Alpine High: Spotting the Shadows of Black Swans

Schwarzschwan. Cygne noir. Cisne negro.

Translation??

Black swan.

When Nassim Nicholas Taleb popularized the term Black Swan after the 2008 market crash, just about every CEO and business strategist pretzelled their brains trying to anticipate—and thus get ahead—of the next Black Swan event.

A Black Swan event is something totally unexpected, nearly impossible to predict, has unknown implications and which can have major ramifications for a widely disparate set of interest groups.

Most folks usually think of them as events that bring destruction, chaos, uncertainty, and maybe even ruin.

But sometimes, a Black Swan event can announce the arrival of something really great!

In that spirit, we’re going to label Apache’s recent discovery/announcement of their opportunities along the Alpine High in Reeves County, TX as a Black Swan event.

It was not predictable because the industry had written off Apache’s area of leasehold interest as:

1. Too complex to effectively exploit
2. Limited to dry gas production
3. Too clay rich , and therefore presumably too ductile to support resource play type hydraulic fracturing operations.

Apparently “conventional wisdom” ain’t so wise.

But we’ve seen this before in geology and in the oil and gas business.

The most dramatic examples?

• The adoption of plate tectonics as a hypothesis that explained basin formation, clastic deposition, and trap formation models.

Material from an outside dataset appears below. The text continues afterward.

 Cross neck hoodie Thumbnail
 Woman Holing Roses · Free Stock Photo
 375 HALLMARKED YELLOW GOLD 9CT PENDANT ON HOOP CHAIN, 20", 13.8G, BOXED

• George Mitchell’s breakthrough perseverance in proving that shale could be all the things that classic exploration petroleum geology looked for—source, reservoir, trap and seal—and that it covered hundreds of square miles—- Mother Nature’s gift that keeps on giving.

So when a company is true to its vision and perseveres through to massive success, it’s a groundbreaking achievement.

Making the comparison

Given that Apache compares the stratigraphy and environment of deposition of the Alpine High area to the SCOOP STACK plays in OK, we thought that we would compare some of the Play Assessment mapping that we’ve done in the SCOOPT/STACK plays to the limited data for the Alpine high area..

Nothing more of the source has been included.